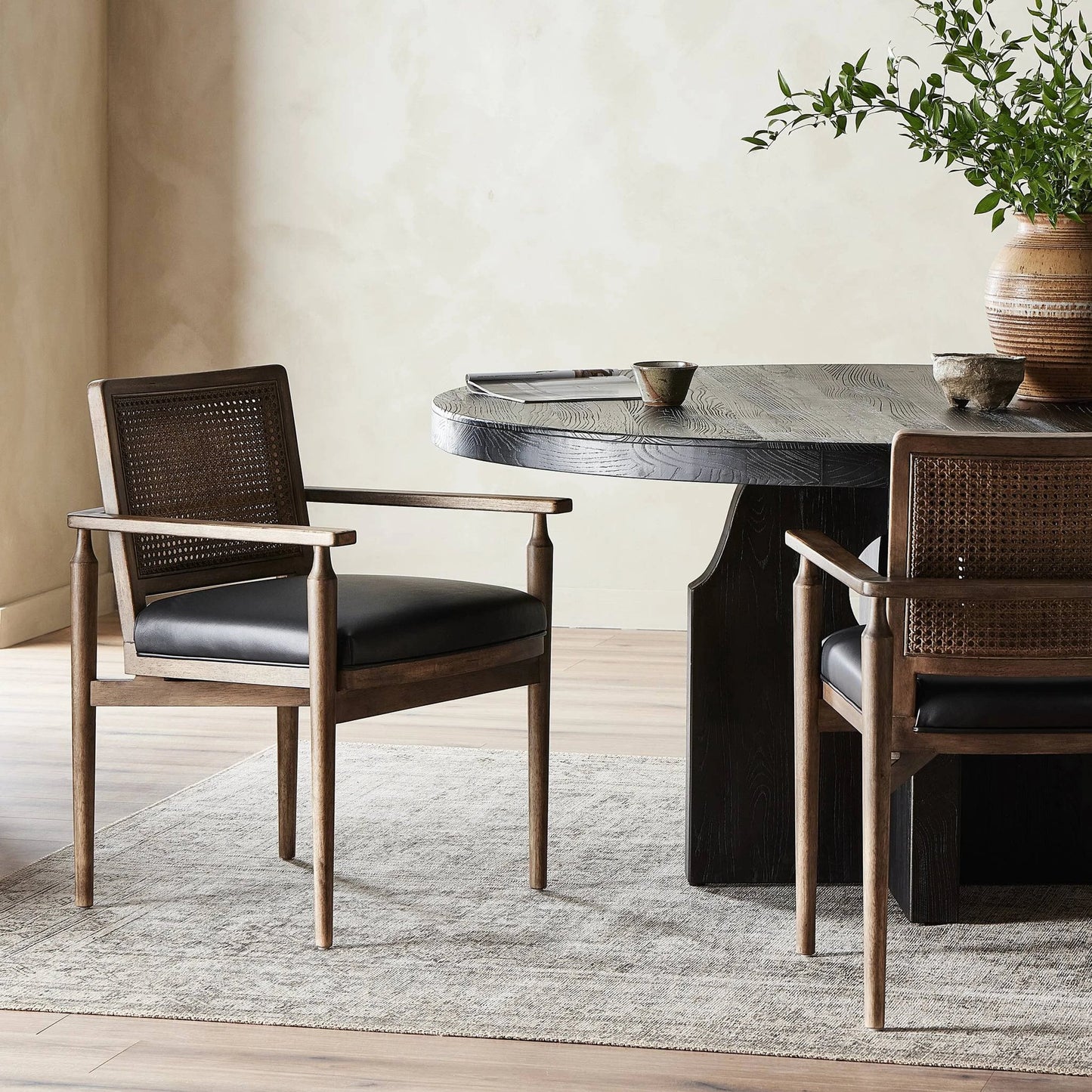 023 SI-2137727 | Lifestyle | Xavier Dining Armchair by Four Hands. Made from unique in a traditional style.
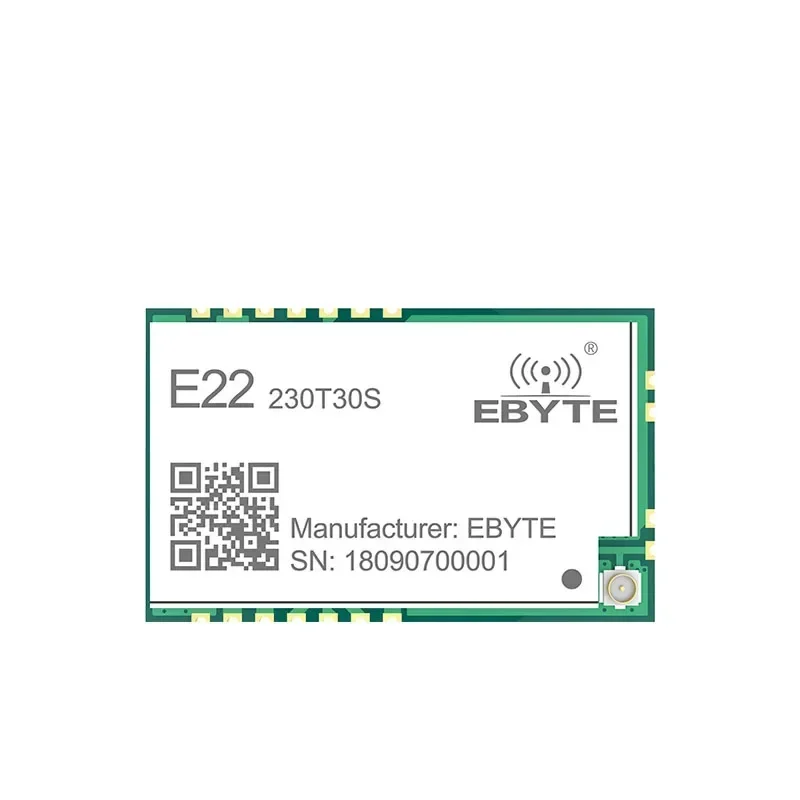 COJXU E22-230T30S LoRa 모듈, UART ISM 밴드 모듈, 무선 트랜시버 송신기, 리시버 SMD, 230Mhz, 30dBm, 10km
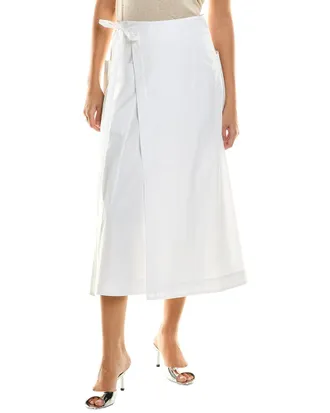 Proenza Schouler White Label Soft Poplin Wrap Skirt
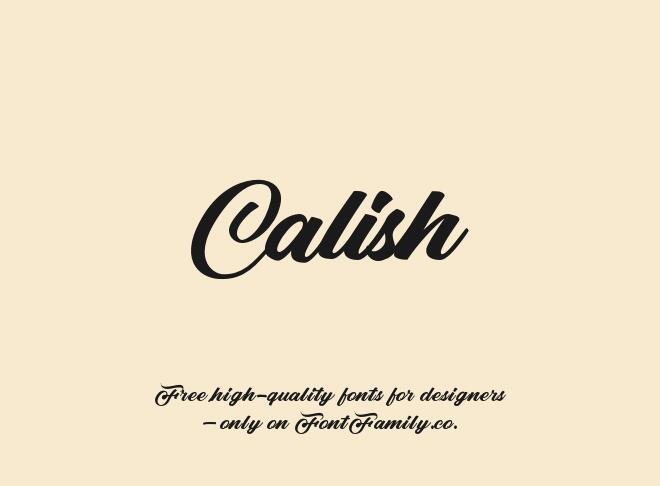 Calish Font
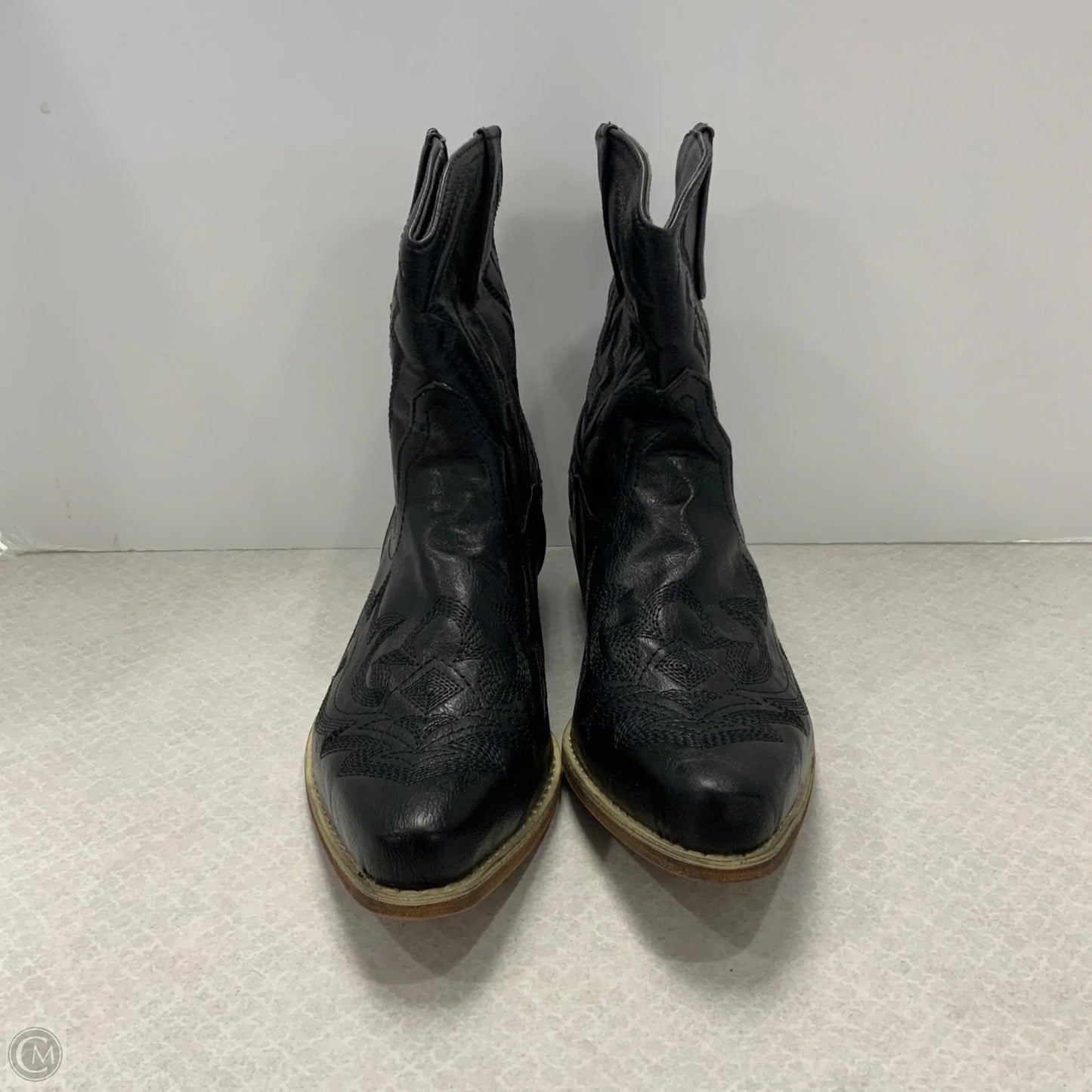 Boots Ankle Heels By Clothes Mentor In Black, Size: 11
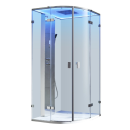 EAGO AWT LD109F15 Dampfdusche 100x100cm mit 3 kW Dampfgenerator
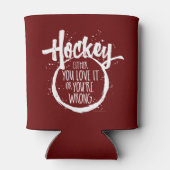 Love Hockey Blikjeskoeler (Achterkant)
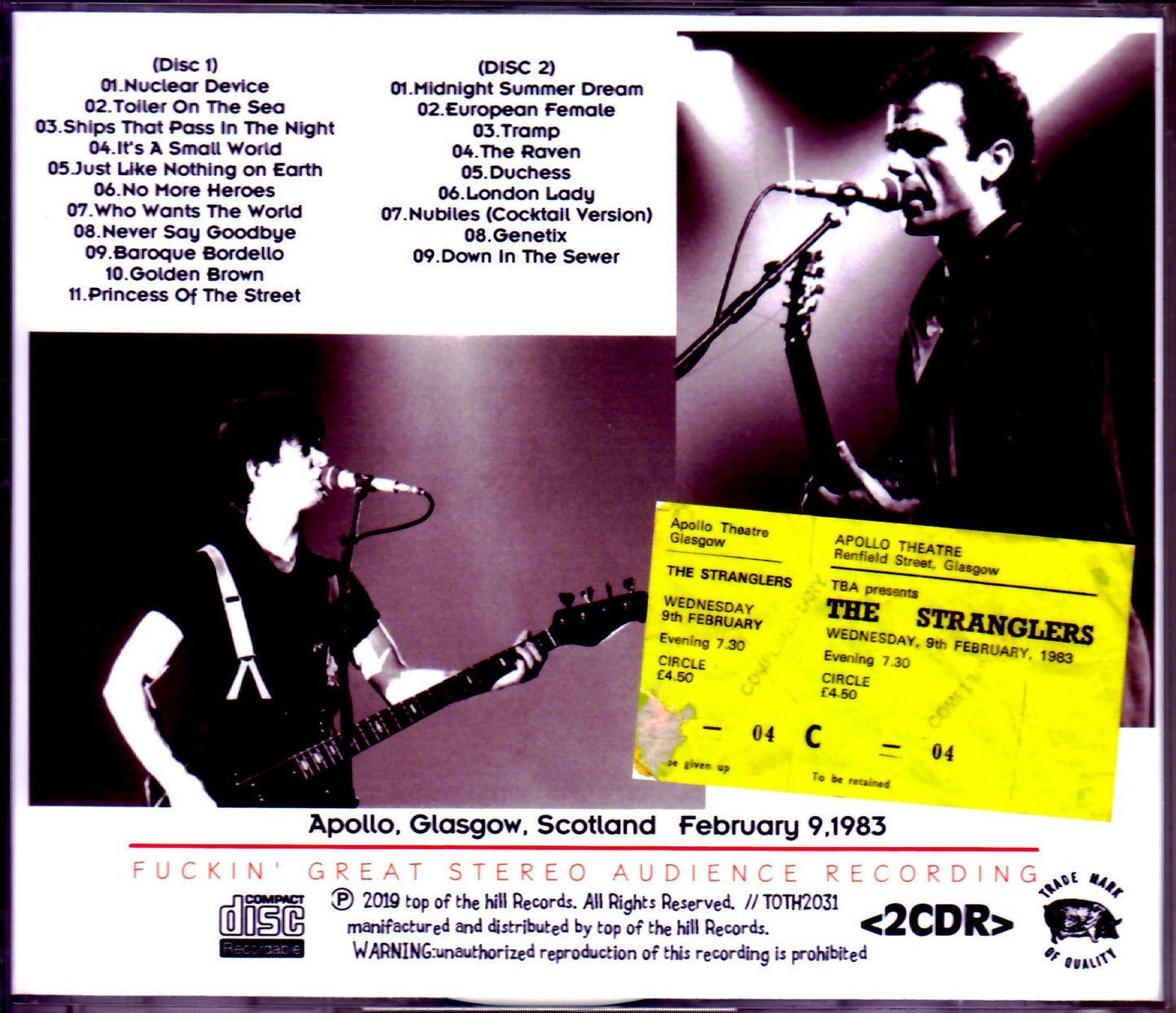 Stranglers/Scotland,UK 1983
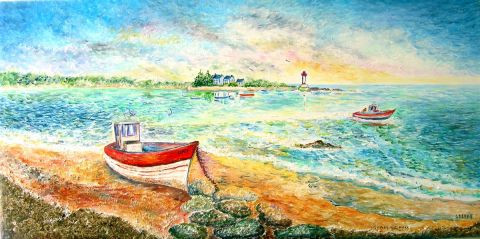 L'artiste ELLHeA - le petit port breton
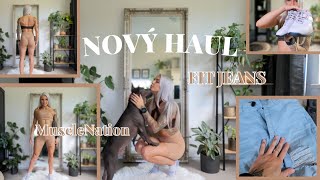 Haul - Fitness Oblečení Mn, Fit Jeans, Doplňky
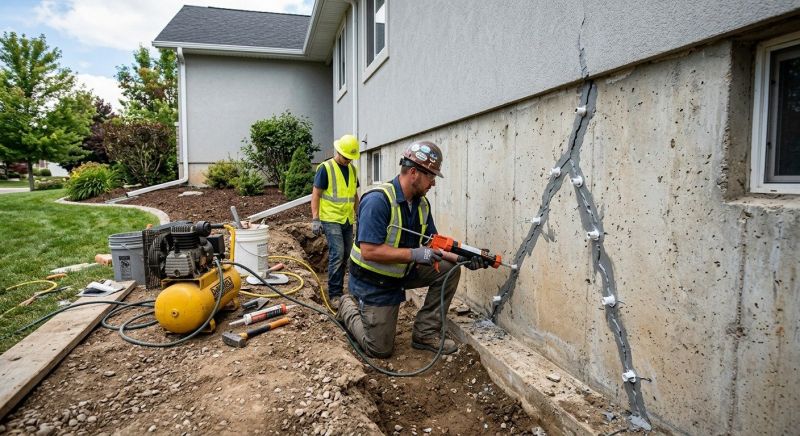 Foundation Damage Repair in Bergenfield, NJ
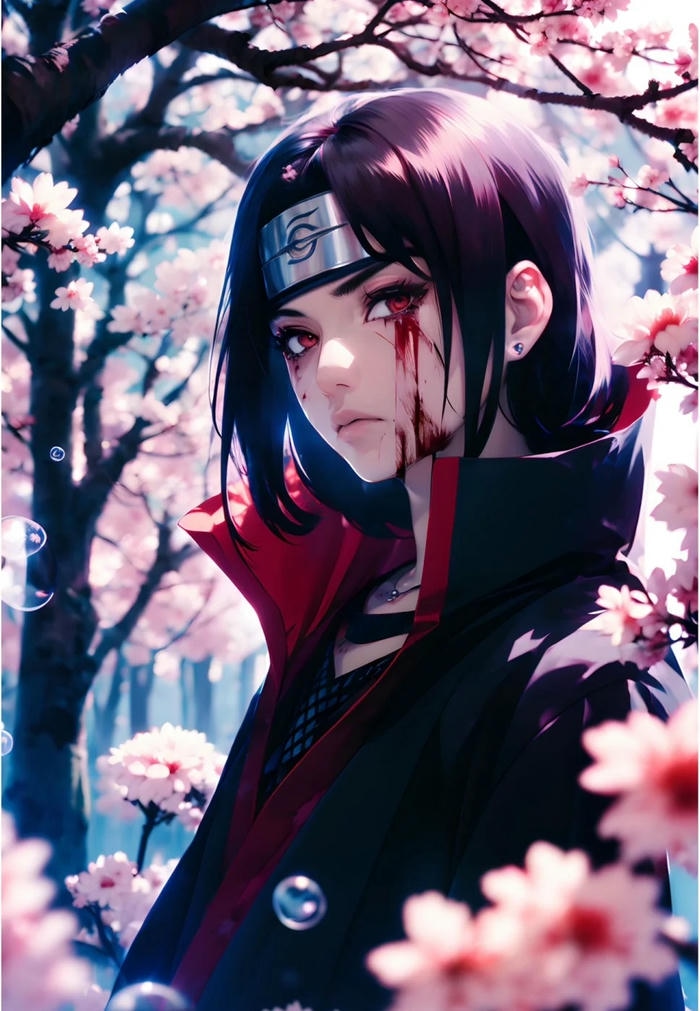 itachi sharingan hoa anh đào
▬▬▬▬▬▬▬▬▬▬
Task directions: Images are to be skipped, and each line above is to be returned exactly.

Reply:
 023 SI-2137727 | Lifestyle | Xavier Dining Armchair by Four Hands. Made from unique in a traditional style.
 COJXU E22-230T30S LoRa 모듈, UART ISM 밴드 모듈, 무선 트랜시버 송신기, 리시버 SMD, 230Mhz, 30dBm, 10km
 Proenza Schouler White Label Soft Poplin Wrap Skirt
 Calish Font
 Boots Ankle Heels By Clothes Mentor In Black, Size: 11
 EAGO AWT LD109F15 Dampfdusche 100x100cm mit 3 kW Dampfgenerator
 Love Hockey Blikjeskoeler (Achterkant)
 Stranglers/Scotland,UK 1983
 L'artiste ELLHeA - le petit port breton
 Haul - Fitness Oblečení Mn, Fit Jeans, Doplňky
 Foundation Damage Repair in Bergenfield, NJ
 itachi sharingan hoa anh đào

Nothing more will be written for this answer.